The Tautenburg plates, which we used for photometry only, were
scanned with the Tautenburg Plate Scanner (TPS) described by
Brunzendorf & Meusinger (1998). The TPS essentially consists
of a rigid CCD line camera system with telecentric projection and an
x-y movable plate holder. Plates are digitised with 10 m
resolution, corresponding to 0.5arcsec/pixel on a Tautenburg plate.
For the object search and the determination of image parameters in the FITS frames we used the Münster Redshift Project (MRSP) software package (Horstmann et al. 1989). In its original version, this software executes a linear transformation between photographic densities and the logarithm of the corresponding intensities. For its application to Tautenburg plates a nonlinear transformation is used, based on either the characteristic curve of the individual plate or an average characteristic curve, for the transformation to intensities. The individual characteristic curve is derived from the calibration wedge exposed onto each plate. The use of such a nonlinear transformation ensures that the intensity profiles of stellar images are well-approximated by a Gaussian even when the central densities are outside the linear part of the characteristic curve. From all detected objects on each plate we selected for further reduction only those fitted by a two-dimensional Gaussian profile. Measurements on a large number of plates of a different field have shown that the MRSP Gaussian fitting procedure (programme "profil'', Horstmann et al. 1989) works well for stars over a magnitude interval of at least 13mag (Brunzendorf & Meusinger 1999). In the present study we used only an 8 mag interval (10.5 < R < 18.5).

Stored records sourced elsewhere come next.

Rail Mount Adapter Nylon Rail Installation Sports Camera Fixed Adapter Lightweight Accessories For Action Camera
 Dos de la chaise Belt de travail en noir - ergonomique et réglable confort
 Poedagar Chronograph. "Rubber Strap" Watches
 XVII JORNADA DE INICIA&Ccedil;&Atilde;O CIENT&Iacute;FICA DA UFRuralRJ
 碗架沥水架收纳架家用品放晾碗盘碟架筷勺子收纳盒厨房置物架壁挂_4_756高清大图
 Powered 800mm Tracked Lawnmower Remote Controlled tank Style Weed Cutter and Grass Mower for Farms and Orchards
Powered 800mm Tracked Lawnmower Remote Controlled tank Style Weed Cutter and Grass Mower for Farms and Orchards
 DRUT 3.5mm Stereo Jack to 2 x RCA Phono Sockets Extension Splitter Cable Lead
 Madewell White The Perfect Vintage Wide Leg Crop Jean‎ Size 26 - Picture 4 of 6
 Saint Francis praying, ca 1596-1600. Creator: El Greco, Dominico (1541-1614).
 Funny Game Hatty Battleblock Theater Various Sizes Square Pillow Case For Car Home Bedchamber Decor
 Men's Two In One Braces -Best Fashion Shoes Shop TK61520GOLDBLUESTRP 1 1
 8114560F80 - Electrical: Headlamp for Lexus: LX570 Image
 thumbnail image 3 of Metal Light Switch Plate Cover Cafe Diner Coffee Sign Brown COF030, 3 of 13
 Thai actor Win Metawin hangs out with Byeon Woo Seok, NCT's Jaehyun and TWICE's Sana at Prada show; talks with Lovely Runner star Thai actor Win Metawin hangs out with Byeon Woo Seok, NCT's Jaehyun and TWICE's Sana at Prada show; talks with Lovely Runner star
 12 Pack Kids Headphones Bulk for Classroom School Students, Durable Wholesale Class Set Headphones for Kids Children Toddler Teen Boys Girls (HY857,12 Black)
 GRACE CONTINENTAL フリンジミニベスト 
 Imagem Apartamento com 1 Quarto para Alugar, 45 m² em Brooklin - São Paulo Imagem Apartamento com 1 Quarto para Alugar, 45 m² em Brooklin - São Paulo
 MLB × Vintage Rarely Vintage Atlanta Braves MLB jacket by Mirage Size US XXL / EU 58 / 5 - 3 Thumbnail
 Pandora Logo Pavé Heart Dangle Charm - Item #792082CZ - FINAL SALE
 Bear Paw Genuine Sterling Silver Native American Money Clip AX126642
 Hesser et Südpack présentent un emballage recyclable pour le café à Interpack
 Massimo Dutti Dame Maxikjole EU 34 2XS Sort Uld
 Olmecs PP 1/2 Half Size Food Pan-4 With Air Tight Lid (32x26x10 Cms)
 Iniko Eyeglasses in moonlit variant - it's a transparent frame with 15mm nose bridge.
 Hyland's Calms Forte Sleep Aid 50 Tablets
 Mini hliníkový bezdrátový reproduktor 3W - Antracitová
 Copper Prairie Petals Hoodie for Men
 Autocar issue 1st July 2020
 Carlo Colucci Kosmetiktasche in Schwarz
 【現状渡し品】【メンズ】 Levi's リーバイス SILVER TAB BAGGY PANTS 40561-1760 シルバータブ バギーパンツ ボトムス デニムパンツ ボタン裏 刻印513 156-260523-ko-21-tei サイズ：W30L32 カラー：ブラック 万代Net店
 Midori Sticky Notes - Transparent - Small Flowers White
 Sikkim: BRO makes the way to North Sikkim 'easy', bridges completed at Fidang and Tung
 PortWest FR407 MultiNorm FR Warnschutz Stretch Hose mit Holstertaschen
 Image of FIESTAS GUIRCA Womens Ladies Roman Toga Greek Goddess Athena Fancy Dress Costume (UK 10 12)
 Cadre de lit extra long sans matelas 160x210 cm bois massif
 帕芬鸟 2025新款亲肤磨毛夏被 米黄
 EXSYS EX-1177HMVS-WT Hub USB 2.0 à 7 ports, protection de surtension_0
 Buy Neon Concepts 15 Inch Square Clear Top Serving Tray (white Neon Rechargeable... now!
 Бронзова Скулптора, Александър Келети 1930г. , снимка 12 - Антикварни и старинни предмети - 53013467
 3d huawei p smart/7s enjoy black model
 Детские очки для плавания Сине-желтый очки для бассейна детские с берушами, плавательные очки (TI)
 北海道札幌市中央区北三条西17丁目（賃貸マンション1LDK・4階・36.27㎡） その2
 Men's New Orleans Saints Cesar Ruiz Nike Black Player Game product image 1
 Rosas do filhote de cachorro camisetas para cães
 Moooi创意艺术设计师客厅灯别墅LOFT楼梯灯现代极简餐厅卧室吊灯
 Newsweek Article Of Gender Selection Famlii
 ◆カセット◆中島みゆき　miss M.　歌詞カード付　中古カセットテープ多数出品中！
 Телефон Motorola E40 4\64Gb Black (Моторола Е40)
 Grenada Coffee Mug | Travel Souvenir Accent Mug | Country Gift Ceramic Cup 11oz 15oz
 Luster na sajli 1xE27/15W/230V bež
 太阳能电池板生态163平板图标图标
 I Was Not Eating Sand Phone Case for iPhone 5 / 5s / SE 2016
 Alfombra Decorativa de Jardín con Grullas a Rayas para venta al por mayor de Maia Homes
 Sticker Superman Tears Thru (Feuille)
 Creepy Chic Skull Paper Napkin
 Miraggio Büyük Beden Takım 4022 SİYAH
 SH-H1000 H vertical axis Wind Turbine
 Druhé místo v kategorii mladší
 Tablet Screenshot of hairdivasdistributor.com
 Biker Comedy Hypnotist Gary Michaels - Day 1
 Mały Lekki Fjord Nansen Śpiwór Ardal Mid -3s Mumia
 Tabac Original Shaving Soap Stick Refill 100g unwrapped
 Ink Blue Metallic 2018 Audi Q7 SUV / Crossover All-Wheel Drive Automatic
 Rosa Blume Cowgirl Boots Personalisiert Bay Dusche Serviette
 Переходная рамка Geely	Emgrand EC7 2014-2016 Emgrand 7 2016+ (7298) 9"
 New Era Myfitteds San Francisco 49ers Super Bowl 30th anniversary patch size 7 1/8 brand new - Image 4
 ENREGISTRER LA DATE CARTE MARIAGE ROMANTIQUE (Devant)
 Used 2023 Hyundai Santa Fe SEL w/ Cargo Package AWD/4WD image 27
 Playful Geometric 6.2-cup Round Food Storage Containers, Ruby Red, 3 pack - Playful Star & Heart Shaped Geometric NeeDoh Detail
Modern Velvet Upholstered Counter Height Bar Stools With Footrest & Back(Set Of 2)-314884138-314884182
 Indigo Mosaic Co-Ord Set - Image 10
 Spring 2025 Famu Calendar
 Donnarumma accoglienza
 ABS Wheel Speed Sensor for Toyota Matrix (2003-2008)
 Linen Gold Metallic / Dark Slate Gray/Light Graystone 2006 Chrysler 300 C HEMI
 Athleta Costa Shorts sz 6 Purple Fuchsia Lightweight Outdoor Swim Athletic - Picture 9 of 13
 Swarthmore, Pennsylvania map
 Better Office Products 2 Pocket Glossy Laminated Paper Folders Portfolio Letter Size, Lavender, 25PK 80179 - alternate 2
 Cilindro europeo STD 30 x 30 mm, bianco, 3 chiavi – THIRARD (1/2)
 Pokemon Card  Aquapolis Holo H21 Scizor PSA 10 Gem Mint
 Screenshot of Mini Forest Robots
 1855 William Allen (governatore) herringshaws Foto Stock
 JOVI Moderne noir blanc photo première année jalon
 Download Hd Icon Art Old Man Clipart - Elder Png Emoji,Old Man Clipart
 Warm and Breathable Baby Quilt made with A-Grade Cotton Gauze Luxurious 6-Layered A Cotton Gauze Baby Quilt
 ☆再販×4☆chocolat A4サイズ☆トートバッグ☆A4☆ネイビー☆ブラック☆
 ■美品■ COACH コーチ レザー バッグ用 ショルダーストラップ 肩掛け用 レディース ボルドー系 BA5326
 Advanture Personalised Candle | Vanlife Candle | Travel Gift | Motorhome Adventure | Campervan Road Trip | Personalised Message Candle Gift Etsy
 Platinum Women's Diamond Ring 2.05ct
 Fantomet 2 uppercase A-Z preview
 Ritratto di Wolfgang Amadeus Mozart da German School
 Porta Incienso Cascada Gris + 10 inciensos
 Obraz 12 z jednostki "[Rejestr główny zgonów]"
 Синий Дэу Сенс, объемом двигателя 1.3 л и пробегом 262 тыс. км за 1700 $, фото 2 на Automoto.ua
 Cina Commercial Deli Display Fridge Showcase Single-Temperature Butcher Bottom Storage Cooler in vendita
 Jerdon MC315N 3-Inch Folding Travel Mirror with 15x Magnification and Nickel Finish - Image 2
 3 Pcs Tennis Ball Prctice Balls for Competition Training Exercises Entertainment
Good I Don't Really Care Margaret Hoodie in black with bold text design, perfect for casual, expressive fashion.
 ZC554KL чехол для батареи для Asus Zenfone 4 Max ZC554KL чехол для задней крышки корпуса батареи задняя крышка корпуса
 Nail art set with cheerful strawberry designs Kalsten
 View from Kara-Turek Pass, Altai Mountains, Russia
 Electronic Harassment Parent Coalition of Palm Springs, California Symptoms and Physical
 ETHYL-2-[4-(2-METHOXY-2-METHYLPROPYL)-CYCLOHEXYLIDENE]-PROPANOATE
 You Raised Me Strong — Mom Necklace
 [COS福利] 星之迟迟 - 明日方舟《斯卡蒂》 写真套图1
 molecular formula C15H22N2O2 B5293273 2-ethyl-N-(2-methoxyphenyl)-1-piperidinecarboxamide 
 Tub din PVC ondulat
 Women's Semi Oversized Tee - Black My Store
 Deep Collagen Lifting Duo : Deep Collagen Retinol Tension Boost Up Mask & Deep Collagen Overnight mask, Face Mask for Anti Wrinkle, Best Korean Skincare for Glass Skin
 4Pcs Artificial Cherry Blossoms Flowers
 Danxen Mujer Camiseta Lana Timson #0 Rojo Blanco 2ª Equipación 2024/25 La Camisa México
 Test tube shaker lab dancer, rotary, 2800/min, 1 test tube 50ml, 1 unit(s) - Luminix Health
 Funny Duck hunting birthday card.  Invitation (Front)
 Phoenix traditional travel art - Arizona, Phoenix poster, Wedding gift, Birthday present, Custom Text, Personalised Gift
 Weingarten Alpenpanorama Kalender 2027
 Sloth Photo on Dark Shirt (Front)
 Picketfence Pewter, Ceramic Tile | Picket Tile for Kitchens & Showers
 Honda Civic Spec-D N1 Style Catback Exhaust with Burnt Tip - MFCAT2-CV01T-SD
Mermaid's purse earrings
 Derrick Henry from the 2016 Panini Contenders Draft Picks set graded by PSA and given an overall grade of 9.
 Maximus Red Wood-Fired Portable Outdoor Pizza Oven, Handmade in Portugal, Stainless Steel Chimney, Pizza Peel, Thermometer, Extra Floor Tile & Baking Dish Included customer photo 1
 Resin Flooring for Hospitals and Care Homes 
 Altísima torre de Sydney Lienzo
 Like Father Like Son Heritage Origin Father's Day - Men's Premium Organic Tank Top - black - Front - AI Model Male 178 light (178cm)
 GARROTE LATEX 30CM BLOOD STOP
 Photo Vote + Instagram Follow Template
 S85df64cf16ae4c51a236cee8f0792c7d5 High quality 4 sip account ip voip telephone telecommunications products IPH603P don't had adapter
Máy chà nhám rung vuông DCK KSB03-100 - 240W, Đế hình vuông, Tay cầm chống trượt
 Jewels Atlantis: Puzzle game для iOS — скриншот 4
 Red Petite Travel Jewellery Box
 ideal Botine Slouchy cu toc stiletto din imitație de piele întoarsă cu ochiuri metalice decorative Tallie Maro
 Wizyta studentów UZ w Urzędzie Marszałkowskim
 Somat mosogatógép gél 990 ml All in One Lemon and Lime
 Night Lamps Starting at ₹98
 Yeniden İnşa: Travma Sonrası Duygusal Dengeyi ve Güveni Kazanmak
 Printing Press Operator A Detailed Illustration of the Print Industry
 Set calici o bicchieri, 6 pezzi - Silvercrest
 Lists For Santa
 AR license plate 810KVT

The data from the APM catalogues include a classification of all measured objects into stars, objects with non-stellar image shape, merged objects and noise. The APM classification of stellar images is reliable until about two magnitudes above the plate limit. In order to exclude unreliably measured stars, we used this APM image classification on the reference plate (see Sect. 2.3) in addition to the condition of a Gaussian profile as obtained by the MRSP software from the FITS file of the same plate.
Unreliable measurements were mainly due to strong image crowding of the stars with nebulosities and the internal reflection halo of oPersei on the Schmidt plates. Therefore, many bright stars in the central region of IC348 had to be excluded from further reduction.
The first epoch Palomar plate e1457 measured on both APM and PDS was chosen as the reference plate in the plate matching. This plate was selected because it was one of the deepest plates and the only first epoch plate which could be used in the proper motion determination. From about 2300 objects detected by the MRSP software in the one square degree FITS frame of the reference plate e1457, about 2000 stars could be fitted by a Gaussian. About 1800 of these stars were identified with Gaussian image shape objects on at least two other plates. The additional condition of stellar image classification on the reference plate as measured on the APM further restricted the number of objects in the final sample to 1431 stars.
The number of identifications of the stars of our final sample on the comparison plates depended on the limiting magnitude and the different passbands of the plates. Whereas nearly all of the 1431 stars in our sample were identified with stellar objects on the POSS2 R and Bj plates, about 77% were found on the POSS Quick-Survey V plate. In contrast, only about 38% could be identified on the Tautenburg B plates and even only 18% on the U plate owing to the higher extinction at shorter wavelengths and the poor weather conditions during exposure.